ASSIGNED TASK
Copy exactly the lines of the material below that run from the one containing "Desgrar Væghylde 40x37 cm, Brun" through the one containing "Spring Women Jacket". Copy no other lines.
#####
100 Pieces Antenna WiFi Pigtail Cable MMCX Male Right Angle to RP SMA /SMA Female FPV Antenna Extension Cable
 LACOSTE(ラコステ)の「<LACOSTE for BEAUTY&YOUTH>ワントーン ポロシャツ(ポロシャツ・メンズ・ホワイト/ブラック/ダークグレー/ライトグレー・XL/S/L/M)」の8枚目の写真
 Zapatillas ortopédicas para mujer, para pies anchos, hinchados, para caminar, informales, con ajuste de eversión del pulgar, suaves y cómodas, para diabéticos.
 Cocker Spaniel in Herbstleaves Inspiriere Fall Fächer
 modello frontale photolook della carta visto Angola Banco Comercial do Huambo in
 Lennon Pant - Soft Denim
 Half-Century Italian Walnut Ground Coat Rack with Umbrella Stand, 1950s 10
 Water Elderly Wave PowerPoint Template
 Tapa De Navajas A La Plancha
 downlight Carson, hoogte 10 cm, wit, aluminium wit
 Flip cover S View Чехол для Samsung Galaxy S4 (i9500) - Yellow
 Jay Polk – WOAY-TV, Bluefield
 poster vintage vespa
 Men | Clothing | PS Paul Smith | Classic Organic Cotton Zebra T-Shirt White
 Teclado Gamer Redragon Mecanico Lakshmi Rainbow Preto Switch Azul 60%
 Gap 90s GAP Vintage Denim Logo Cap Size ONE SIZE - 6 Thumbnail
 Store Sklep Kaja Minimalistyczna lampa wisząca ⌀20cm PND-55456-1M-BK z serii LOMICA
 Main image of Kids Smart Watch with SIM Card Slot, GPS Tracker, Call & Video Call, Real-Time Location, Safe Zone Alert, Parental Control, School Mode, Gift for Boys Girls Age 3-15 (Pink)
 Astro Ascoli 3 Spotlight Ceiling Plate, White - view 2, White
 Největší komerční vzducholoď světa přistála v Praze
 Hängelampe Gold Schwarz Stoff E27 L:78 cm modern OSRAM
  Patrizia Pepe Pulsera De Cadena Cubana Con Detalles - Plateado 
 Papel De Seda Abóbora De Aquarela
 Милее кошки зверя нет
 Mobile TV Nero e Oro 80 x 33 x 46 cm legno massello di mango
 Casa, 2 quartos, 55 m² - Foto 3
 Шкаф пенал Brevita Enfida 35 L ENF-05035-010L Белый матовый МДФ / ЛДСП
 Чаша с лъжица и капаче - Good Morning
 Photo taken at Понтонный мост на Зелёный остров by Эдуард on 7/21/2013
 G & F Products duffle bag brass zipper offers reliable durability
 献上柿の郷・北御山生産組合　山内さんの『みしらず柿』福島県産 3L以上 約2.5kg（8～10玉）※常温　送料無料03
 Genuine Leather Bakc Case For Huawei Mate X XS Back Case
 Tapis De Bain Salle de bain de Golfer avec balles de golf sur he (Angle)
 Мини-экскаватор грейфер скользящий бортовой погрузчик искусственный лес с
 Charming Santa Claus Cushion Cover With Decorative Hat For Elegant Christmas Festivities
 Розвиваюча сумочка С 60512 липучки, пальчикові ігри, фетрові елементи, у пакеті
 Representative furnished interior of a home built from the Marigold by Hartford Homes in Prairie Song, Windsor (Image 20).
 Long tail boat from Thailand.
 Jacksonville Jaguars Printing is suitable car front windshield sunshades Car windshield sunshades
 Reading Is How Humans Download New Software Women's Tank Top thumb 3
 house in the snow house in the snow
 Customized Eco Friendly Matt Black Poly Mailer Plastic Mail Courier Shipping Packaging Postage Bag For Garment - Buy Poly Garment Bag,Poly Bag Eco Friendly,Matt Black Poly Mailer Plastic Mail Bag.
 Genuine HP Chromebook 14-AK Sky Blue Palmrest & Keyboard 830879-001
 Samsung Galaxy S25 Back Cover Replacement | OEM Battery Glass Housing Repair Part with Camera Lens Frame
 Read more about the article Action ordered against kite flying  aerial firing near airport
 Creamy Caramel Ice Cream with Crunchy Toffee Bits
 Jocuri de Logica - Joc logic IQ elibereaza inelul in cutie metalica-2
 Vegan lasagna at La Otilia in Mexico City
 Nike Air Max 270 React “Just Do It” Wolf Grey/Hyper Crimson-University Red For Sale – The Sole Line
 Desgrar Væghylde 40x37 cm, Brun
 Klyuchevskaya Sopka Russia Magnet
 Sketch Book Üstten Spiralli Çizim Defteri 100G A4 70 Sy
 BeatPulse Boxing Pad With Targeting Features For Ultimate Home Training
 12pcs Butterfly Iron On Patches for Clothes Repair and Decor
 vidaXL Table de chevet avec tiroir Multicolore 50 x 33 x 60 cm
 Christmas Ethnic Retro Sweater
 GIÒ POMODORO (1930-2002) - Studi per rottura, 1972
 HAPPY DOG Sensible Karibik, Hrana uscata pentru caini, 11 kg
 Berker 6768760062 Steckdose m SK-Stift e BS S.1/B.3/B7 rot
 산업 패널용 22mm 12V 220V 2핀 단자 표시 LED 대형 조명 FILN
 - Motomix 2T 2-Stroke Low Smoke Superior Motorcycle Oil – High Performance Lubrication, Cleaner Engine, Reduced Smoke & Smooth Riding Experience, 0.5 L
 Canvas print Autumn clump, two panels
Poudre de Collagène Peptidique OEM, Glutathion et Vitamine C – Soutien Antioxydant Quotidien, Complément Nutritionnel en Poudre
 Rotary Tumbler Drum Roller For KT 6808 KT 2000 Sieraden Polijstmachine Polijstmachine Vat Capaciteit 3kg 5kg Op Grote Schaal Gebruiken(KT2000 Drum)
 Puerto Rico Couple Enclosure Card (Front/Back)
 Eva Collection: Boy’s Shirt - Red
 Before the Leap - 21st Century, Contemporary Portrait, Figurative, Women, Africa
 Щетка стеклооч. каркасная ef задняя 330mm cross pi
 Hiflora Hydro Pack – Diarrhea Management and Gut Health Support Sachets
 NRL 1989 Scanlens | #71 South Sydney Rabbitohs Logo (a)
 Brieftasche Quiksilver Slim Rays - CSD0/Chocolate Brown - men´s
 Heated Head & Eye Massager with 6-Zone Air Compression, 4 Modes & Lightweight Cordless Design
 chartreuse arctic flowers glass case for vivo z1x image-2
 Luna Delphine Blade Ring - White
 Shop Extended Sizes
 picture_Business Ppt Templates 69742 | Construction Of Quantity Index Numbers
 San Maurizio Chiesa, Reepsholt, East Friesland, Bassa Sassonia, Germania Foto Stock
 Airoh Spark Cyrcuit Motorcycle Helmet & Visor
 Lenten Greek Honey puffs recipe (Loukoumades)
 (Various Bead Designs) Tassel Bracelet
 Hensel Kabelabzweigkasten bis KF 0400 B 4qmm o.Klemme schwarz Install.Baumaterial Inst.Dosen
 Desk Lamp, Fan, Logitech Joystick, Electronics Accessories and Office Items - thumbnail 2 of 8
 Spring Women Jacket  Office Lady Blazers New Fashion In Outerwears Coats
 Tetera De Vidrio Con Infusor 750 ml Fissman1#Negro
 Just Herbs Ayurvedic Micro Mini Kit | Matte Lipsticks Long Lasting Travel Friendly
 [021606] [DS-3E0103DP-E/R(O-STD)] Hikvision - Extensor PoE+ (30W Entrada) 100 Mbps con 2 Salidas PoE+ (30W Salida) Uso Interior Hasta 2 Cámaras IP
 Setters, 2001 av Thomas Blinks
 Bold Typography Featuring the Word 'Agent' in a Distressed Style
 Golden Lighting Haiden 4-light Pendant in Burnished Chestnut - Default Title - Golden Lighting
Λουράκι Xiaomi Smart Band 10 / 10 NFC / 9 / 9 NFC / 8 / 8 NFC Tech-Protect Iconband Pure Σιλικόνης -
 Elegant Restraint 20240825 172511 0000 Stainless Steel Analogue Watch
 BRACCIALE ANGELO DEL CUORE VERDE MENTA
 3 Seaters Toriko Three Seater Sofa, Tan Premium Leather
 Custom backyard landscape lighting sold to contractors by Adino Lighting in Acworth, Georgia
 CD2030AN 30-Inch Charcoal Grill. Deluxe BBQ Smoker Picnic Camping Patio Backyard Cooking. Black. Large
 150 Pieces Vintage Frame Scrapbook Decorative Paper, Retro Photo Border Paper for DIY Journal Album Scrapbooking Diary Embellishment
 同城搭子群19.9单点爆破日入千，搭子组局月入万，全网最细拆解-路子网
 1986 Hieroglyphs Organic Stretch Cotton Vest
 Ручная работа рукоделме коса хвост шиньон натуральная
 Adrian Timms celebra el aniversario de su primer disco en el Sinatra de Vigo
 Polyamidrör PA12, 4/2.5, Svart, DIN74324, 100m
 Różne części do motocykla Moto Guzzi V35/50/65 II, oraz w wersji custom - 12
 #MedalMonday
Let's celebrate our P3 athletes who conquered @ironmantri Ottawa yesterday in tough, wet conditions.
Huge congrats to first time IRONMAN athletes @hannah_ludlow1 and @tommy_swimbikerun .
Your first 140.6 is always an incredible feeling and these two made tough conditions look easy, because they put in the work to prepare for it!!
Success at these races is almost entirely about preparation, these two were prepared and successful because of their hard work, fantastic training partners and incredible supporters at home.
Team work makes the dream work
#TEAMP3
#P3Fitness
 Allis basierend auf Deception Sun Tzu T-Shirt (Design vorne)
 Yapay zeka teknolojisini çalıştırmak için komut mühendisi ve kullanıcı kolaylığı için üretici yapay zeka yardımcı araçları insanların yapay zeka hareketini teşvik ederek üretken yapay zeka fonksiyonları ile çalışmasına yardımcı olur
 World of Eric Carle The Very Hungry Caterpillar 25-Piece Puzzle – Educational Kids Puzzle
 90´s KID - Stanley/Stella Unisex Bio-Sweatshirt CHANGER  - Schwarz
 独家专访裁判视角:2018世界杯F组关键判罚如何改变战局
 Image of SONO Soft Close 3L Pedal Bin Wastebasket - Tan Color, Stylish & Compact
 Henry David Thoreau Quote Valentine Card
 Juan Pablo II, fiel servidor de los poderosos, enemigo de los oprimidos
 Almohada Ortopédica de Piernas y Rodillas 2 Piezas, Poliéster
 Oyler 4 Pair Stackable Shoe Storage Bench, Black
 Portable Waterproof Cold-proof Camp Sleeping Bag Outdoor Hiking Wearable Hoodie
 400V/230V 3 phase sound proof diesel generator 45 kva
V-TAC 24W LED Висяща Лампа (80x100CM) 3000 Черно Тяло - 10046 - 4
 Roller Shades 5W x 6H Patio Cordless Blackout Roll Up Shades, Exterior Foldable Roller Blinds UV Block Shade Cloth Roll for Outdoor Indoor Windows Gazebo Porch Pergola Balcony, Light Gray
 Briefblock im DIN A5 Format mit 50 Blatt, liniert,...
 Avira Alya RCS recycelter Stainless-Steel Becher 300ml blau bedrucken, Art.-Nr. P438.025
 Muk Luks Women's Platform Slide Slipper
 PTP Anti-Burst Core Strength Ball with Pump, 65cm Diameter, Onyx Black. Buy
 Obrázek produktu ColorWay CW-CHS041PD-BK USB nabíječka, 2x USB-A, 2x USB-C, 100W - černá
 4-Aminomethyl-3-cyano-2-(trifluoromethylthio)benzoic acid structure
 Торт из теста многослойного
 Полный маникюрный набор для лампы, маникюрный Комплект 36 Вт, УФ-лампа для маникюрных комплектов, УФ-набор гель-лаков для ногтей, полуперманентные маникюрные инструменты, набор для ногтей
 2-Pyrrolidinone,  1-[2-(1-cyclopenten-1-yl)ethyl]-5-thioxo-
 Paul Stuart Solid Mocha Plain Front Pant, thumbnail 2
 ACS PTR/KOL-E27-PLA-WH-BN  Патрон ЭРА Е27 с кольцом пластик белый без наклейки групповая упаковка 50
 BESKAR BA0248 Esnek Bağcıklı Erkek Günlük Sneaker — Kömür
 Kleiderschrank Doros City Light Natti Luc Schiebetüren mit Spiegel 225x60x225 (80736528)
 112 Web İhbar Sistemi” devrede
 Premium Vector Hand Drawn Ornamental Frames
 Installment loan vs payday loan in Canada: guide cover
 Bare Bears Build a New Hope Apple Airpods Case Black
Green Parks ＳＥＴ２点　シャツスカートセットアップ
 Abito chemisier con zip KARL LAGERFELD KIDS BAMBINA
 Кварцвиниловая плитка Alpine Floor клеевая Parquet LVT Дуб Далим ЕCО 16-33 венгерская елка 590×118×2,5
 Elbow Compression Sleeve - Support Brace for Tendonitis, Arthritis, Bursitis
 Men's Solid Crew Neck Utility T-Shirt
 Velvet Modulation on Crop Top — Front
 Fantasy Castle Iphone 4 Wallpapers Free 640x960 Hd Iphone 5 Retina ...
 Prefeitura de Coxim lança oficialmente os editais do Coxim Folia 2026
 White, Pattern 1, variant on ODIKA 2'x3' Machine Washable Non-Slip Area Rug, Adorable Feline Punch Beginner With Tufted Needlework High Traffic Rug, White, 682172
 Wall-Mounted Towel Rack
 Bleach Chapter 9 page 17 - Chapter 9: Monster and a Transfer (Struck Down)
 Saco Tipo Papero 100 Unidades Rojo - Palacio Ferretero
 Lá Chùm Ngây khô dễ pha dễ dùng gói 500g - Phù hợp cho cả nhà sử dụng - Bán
#####
FINISHED EXERCISE
 Desgrar Væghylde 40x37 cm, Brun
 Klyuchevskaya Sopka Russia Magnet
 Sketch Book Üstten Spiralli Çizim Defteri 100G A4 70 Sy
 BeatPulse Boxing Pad With Targeting Features For Ultimate Home Training
 12pcs Butterfly Iron On Patches for Clothes Repair and Decor
 vidaXL Table de chevet avec tiroir Multicolore 50 x 33 x 60 cm
 Christmas Ethnic Retro Sweater
 GIÒ POMODORO (1930-2002) - Studi per rottura, 1972
 HAPPY DOG Sensible Karibik, Hrana uscata pentru caini, 11 kg
 Berker 6768760062 Steckdose m SK-Stift e BS S.1/B.3/B7 rot
 산업 패널용 22mm 12V 220V 2핀 단자 표시 LED 대형 조명 FILN
 - Motomix 2T 2-Stroke Low Smoke Superior Motorcycle Oil – High Performance Lubrication, Cleaner Engine, Reduced Smoke & Smooth Riding Experience, 0.5 L
 Canvas print Autumn clump, two panels
Poudre de Collagène Peptidique OEM, Glutathion et Vitamine C – Soutien Antioxydant Quotidien, Complément Nutritionnel en Poudre
 Rotary Tumbler Drum Roller For KT 6808 KT 2000 Sieraden Polijstmachine Polijstmachine Vat Capaciteit 3kg 5kg Op Grote Schaal Gebruiken(KT2000 Drum)
 Puerto Rico Couple Enclosure Card (Front/Back)
 Eva Collection: Boy’s Shirt - Red
 Before the Leap - 21st Century, Contemporary Portrait, Figurative, Women, Africa
 Щетка стеклооч. каркасная ef задняя 330mm cross pi
 Hiflora Hydro Pack – Diarrhea Management and Gut Health Support Sachets
 NRL 1989 Scanlens | #71 South Sydney Rabbitohs Logo (a)
 Brieftasche Quiksilver Slim Rays - CSD0/Chocolate Brown - men´s
 Heated Head & Eye Massager with 6-Zone Air Compression, 4 Modes & Lightweight Cordless Design
 chartreuse arctic flowers glass case for vivo z1x image-2
 Luna Delphine Blade Ring - White
 Shop Extended Sizes
 picture_Business Ppt Templates 69742 | Construction Of Quantity Index Numbers
 San Maurizio Chiesa, Reepsholt, East Friesland, Bassa Sassonia, Germania Foto Stock
 Airoh Spark Cyrcuit Motorcycle Helmet & Visor
 Lenten Greek Honey puffs recipe (Loukoumades)
 (Various Bead Designs) Tassel Bracelet
 Hensel Kabelabzweigkasten bis KF 0400 B 4qmm o.Klemme schwarz Install.Baumaterial Inst.Dosen
 Desk Lamp, Fan, Logitech Joystick, Electronics Accessories and Office Items - thumbnail 2 of 8
 Spring Women Jacket  Office Lady Blazers New Fashion In Outerwears Coats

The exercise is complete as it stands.